Artists living and working in Washington’s few remaining warehouse art spaces are a dying breed, but the stalwarts still there will open their studios to the public Saturday and Sunday from noon to 5 p.m. The NoMA Arts Coalition (for North of Massachusetts Avenue) is an artists’ collective in four buildings on Sixth streets NE and NW and Massachusetts and Florida avenues. Artists such as Stuart Gosswein and Betsy Damos meet with visitors, explain their work and sell art directly to customers without the usual gallery fee — all to live music and with delicious food served. In past years, the event has drawn hundreds of visitors. NoMA district open studios at 57 N St., 411 New York Ave., 443 I St. and 52 O St., all NW, noon to 5 p.m. Saturday and Sunday. Free. Contact Micheline Frank, 202/332-1599 and Betsy Damos, 202/543-7499.
—Joanna Shaw-Eagle
The American Film Institute Silver Theatre will revive three of the famous Alfred Hitchcock suspense thrillers of the 1950s over the next few weeks. The chronology begins in reverse Friday with North by Northwest, an enormously popular attraction in a banner year for Hollywood, 1959. Revivals of Rear Window and Vertigo follow on May 14 and June 4, respectively. Each film will be shown for a week.

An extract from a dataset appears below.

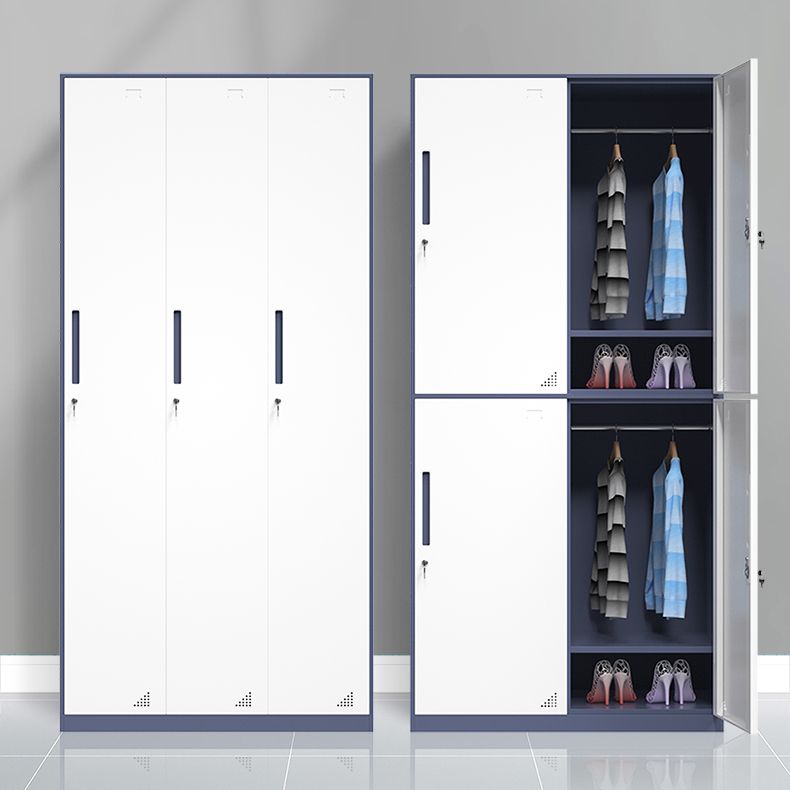 Modern Steel Wardrobe Cabinet White and Grey Wardrobe Armoire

Gavin Lambert, the esteemed editor of the British film periodical Sight and Sound during the 1950s, moved to Los Angeles in the 1960s and became one of the more knowledgeable chroniclers of the movie colony. The author of a new biography about Natalie Wood, he will appear at the AFI Silver this weekend to comment on revivals of four of her films: Rebel Without a Cause and Splendor in the Grass on Saturday; Tomorrow Is Forever and Inside Daisy Clover on Sunday. Mr. Lambert wrote the screenplay for “Daisy Clover,” derived from his own novel.